POR LOS PUEBLOS DE ALMERÍA

        UNA VISITA A DALÍAS Y SU ENTORNO

Dejamos atrás un mar del color del acero. Un mar seco donde las olas son los desniveles de altura de los plásticos que cubren, hectárea tras hectárea, el poniente almeriense.

Los invernaderos, fuente de riquezas, con suficiencia para transformar en pocas décadas la economía y la forma de vida de la provincia, parecen abrazar cada uno de los pueblos que van surgiendo ante nuestra vista. 

El viajero desprevenido puede ser sorprendido por lo que, a primera vista puede considerarse un caos, propio de la lucha por la supervivencia de las poblaciones ante el empuje del nailon que parece querer engullirlas.

Sin embargo, a poco de observar el paisaje encontramos al hombre atrayendo, ofreciendo, no permitiendo el espacio abierto entre su hábitat y los invernaderos para los que, como en ofrenda, busca más suelo, más roca donde crear vergeles. Son las ciudades como El Ejido, como Dalías o Berja, los núcleos poblados como La Puebla de Vicar, La Mojonera…, los que no dejan que los plásticos se alejen de ellos.

Pasamos por la ciudad de El Ejido, pujante y moderna, y si no nos detenemos en comentarios es porque para ella seleccionamos un espacio aparte.

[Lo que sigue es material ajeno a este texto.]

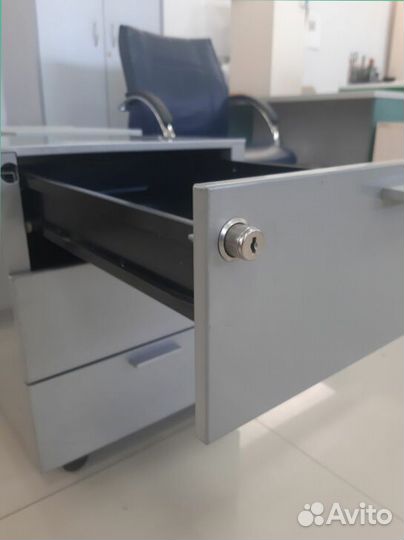 Тумба металлическая с ящиками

El Ejido requiere conocer la historia, haber visto la comarca pocos años atrás para entender toda la magnitud de lo que se presenta ante nuestros ojos.

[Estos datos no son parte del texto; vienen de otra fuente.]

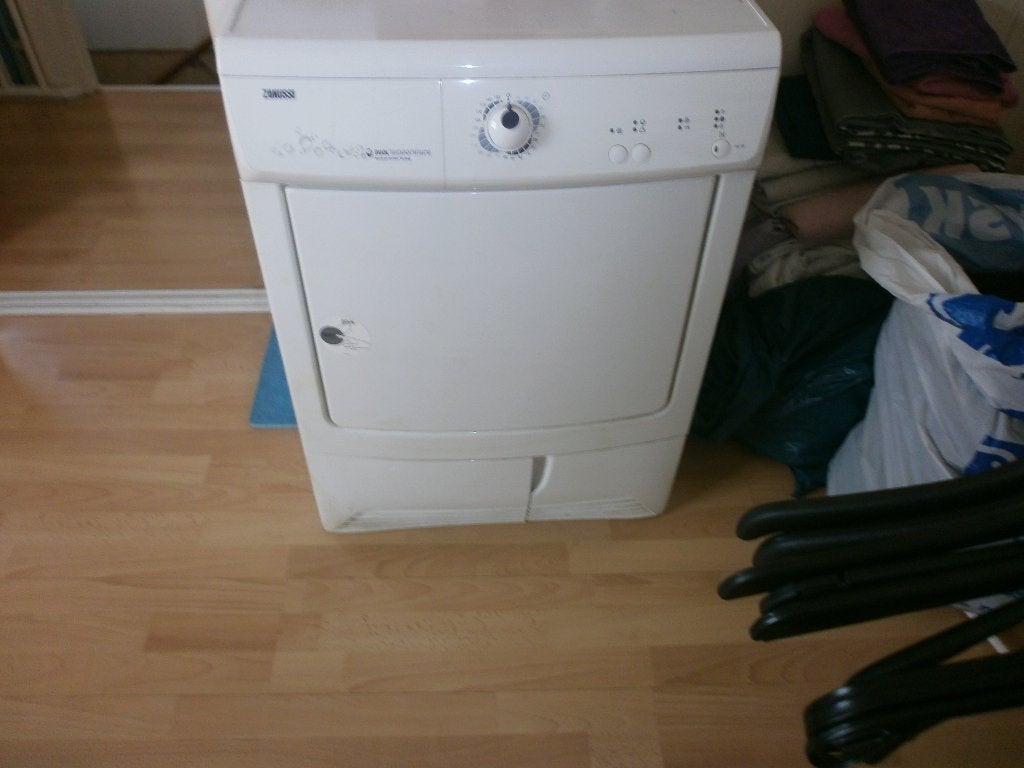 Te koop een zanusi condensdroger, Ophalen, 6 tot 8 kg, Minder dan 85 cm, Zo goed als nieuw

Si hasta ayer fue la grandeza de la naturaleza en su más pura expresión, de las sierras ofreciendo sus cumbres y de las rocas en toda la agreste expresión de una tierra sedienta, la que atrapó nuestros sentidos, ahora es la mano del hombre la que nos sobrecoge al conseguir de esa misma sed de agua, un vergel que hace que la región sea conocida como ‘la huerta de Europa’.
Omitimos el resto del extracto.